Par suite de la crise du Covid-19, le jour du dépassement mondial sera repoussé de trois semaines, se sont unanimement félicités les médias français. Or, cette date théorique ne repose sur aucune réalité. Décryptage
Après avoir modulé à l’unisson la petite ritournelle de la Nature qui reprendrait ses droits grâce au confinement, les médias se sont étendus sur les bienfaits de la crise du Covid-19. « Le confinement a fait “du bien” à la planète », a ainsi assuré BFM TV, en se basant sur un communiqué de l’association Global Footprint Network (GFN). C’est elle qui est à l’origine du fameux « jour du dépassement », date théorique à partir de laquelle l’humanité aurait consommé toutes les ressources que les écosystèmes peuvent produire en une année.

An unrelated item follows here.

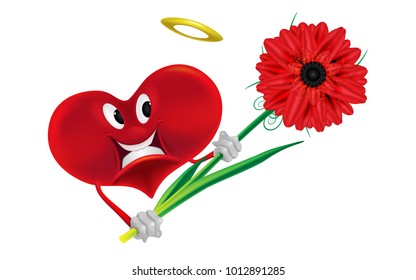 Beautiful smiling heart with flower on white background. Vector illustration for design of greeting cards, banners, posters and much more.
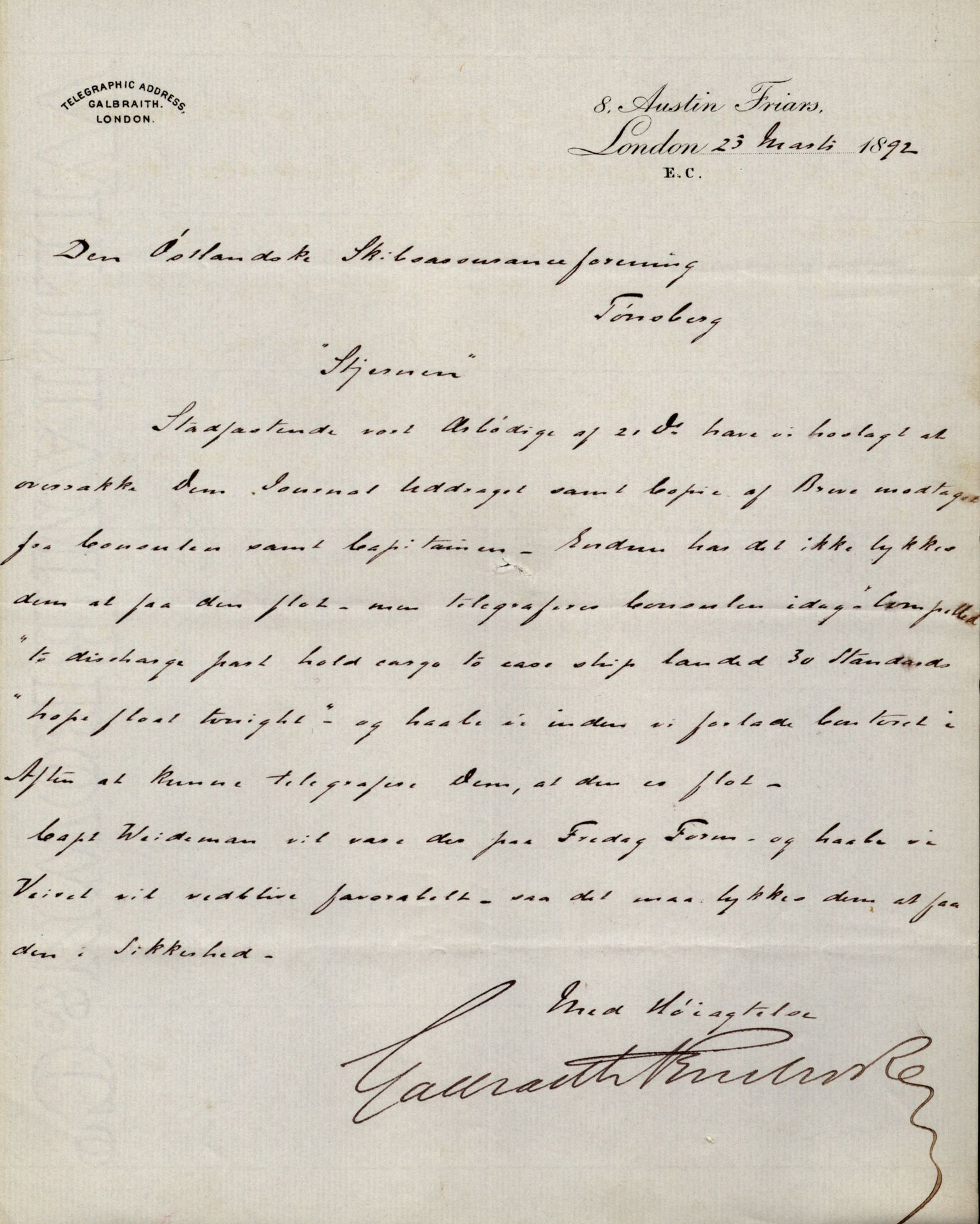 Pa 63 - Østlandske skibsassuranceforening, VEMU/A-1079/G/Ga/L0028/0005: Havaridokumenter / Tjømø, Magnolia, Caroline, Olaf, Stjernen, 1892, p. 148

Pour 2020, cette date fatidique sera repoussée de trois semaines, c’est-à-dire jusqu’au 22 août, selon GFN. « La date reflète la réduction de 9,3 % de l’empreinte écologique de l’humanité du 1er janvier au jour du dépassement par rapport à la même période de l’an dernier. Cette réduction est une conséquence directe du confinement imposé par le coronavirus dans le monde », explique le communiqué de presse.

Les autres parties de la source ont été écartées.